Again, in a future session, you’ll learn how to use so-called regularization to reduce this level of overfitting. [Though, not to get everyone’s hopes up, extrapolation outside of a training set range is a major weakness of all machine learning algorithms, even with regularization.]
Multivariate AND Non-linear Regression
So far this week, we have looked at multivariate linear regression, where our hypothesis/model is \(y = \theta_0 + \theta_1 x_1 + \ldots + \theta_1 x_n\), and univariate non-linear regression, which also has a hypothesis/model \(y = \theta_0 + \theta_1 x_1 + \ldots + \theta_1 x_n\) but there each feature was itself defined as a power of a single variable \(x\), i.e. \(x_1 = x\), \(x_2 = x^2\), \(\ldots\), \(x_n = x^n\); all powers of the same independent variable \(x\).
It should be obvious that we can further generalize this to a model that is both non-linear and has multiple measured independent input variables. Let’s choose some variable names for actual physical potential input variables like pressure, \(p\), temperature, \(T\), and, say, salinity, \(s\). We can now define any non-linear multivariate model hypothesis (usually based on some physical knowledge) and our target \(y\) (say, seawater density) could depend on those physical variables through some very complicated function:
\(y = \theta_0 + \theta_1 p + \theta_2 T + \theta_3 s + \theta_4 (p\times T) + \theta_5 s^4 + \theta_6 \log(s/(T\times p)) + \theta 7 \tan(4 p/T) + \ldots\)
by simply defining features (columns in a spreadsheet) \(x_1 = p\), \(x_2 = T\), \(x_3 = s\), \(x_4 = p\times T\), \(x_5 = s^4\), \(x_6 = \log(s/(T\times p)))\), \(x_7 = \tan(4p/T)\), etc. To repeat myself, the only important requirement is that we can write this as a function that is linear in the fitting parameters \(\theta\) that we find with a linear regression model. So we cannot have something as simple as \(y = (\theta_1 x)^2\), because that depends quadratically, not linearly, on the fitting parameter \(\theta_1\).

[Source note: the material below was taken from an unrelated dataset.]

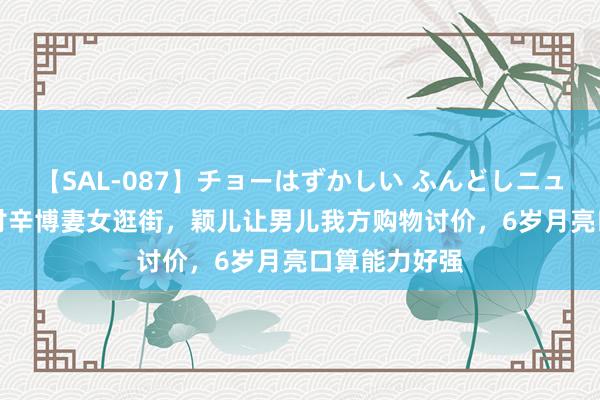 【SAL-087】チョーはずかしい ふんどしニューハーフ 2 付辛博妻女逛街，颖儿让男儿我方购物讨价，6岁月亮口算能力好强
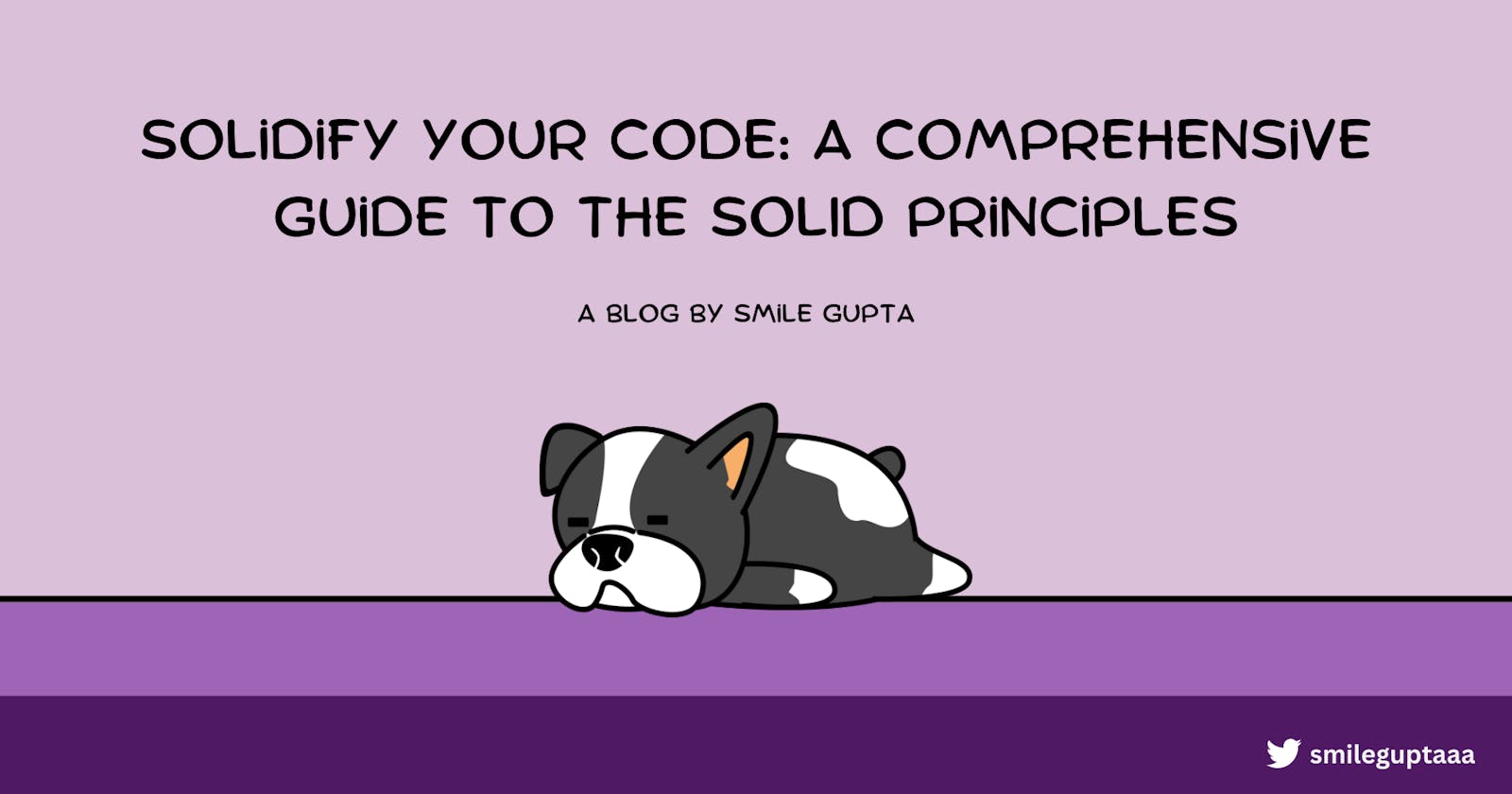 Solidify your Code: A Comprehensive Guide to the Solid Principles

I won’t give any examples of the above here, partly because visualizations become a bit more difficult with many input features (which would be dimensions of a plot), but you’ll explore this in more detail in the second part of this week’s lab.
Wrap-up Summary, and Next Steps
This week you learned how everything you learned last week for univariate linear numerical regression can be generalized almost trivially to any number of input variabels / features and also to any type of non-linear function, as long as it is linear in the fitting parameters. That means, regular gradient descent, stochastic gradient descent, mini-batch gradient descent, and accelerated methods like (trunctated) Newton method, which uses the second derivative of the Mean Squared Error to set the learning rate.

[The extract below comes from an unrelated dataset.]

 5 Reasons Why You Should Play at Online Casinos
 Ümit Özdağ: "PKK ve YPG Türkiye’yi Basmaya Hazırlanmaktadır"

This means that just 3 weeks into the semester, you already have the Machine Learning tools to efficiently solve a huge range of typical science and engineering problems with ML methods that work for massive amounts of data (unlike the analytical solution methods which, in theory, can be applied to solve the same types of problems).

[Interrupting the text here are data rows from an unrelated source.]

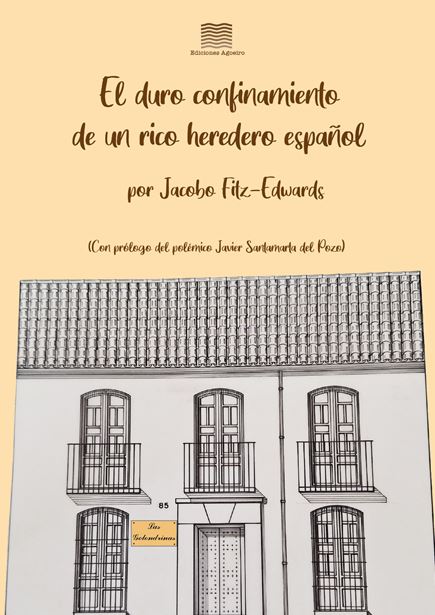  El duro confinamiento de un rico heredero español 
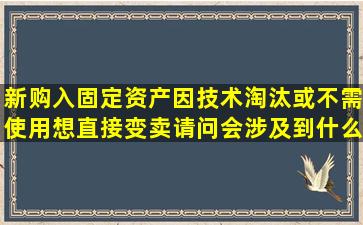 新购入固定资产因技术淘汰或不需使用想直接变卖请问会涉及到什么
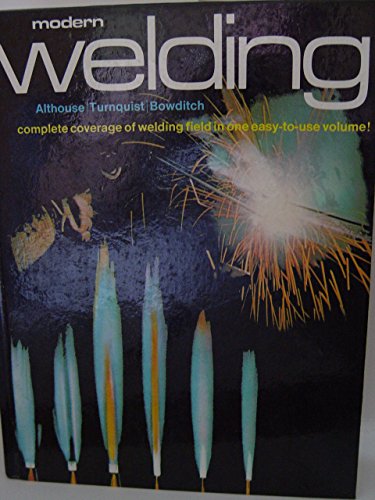 Imagen de archivo de Modern Welding: Complete Coverage of the Welding Field in One Easy-to-Use Volume a la venta por Half Price Books Inc.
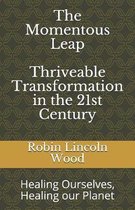 The Momentous Leap - Thriveable Transformation in the 21st Century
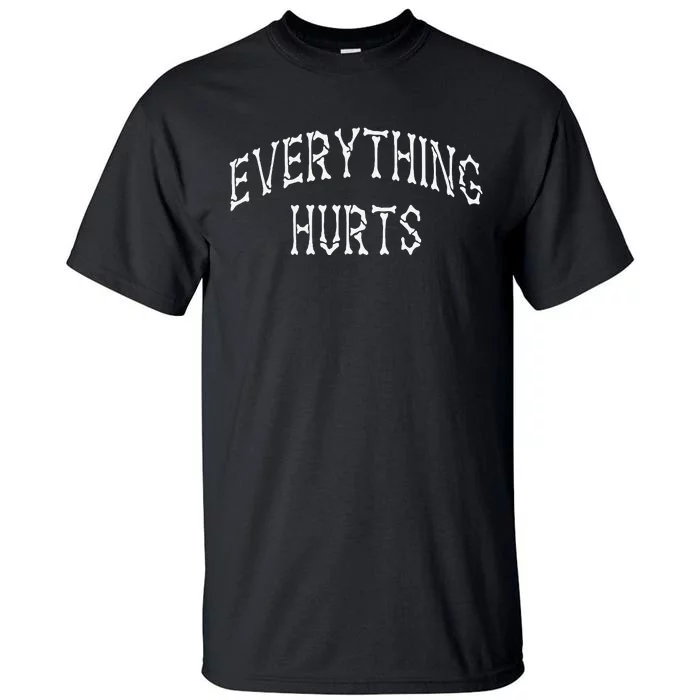 Everything Hurts Bone Letters Tall T-Shirt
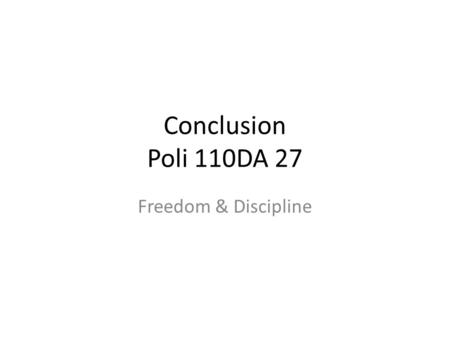 Conclusion Poli 110DA 27 Freedom & Discipline. What rough beast, its hour come round at last? In the 20 th Century politics came to be understood as being.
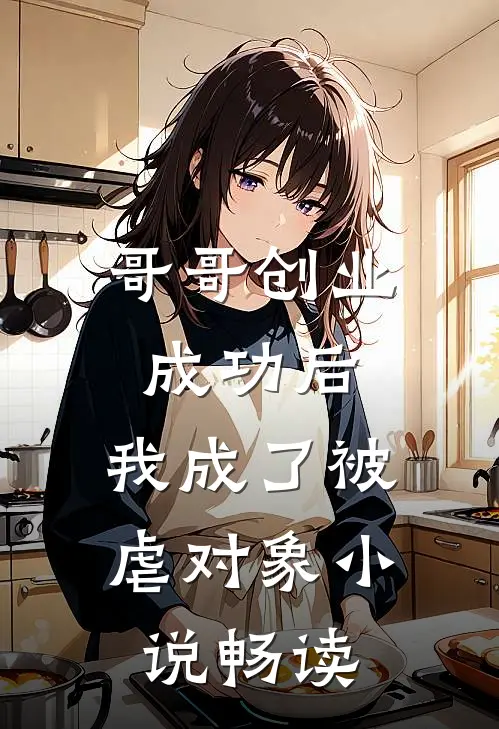 哥哥创业成功后，我成了被虐对象小说畅读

Next week, you’ll learn how these same methods can again be generalized to, seemlingly, entirely different applications of classification schemes, just be defining a different loss/cost/error function \(J(\theta)\). Such classification is called logistic regression. We’ll follow a similar progression of first looking at logistic linear regression of one variable (univariate), then of multiple variables/features, and then non-linear multivariate logistic regression.